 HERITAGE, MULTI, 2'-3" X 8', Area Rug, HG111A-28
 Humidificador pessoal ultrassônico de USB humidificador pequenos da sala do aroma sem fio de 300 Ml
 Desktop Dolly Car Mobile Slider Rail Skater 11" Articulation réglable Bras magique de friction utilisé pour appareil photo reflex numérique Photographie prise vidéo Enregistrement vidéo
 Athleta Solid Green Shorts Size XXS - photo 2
=-=-=
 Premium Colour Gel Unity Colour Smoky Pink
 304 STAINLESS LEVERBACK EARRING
=-=-=
EXERCISE DETAILS =
Copy the lines of the data above exactly as written, beginning with the line containing "Humidificador pessoal ultrassônico" and ending with the line containing "Athleta Solid Green", and leave out all other lines.

SOLUTION FOR THIS TASK =
 Humidificador pessoal ultrassônico de USB humidificador pequenos da sala do aroma sem fio de 300 Ml
 Desktop Dolly Car Mobile Slider Rail Skater 11" Articulation réglable Bras magique de friction utilisé pour appareil photo reflex numérique Photographie prise vidéo Enregistrement vidéo
 Athleta Solid Green Shorts Size XXS - photo 2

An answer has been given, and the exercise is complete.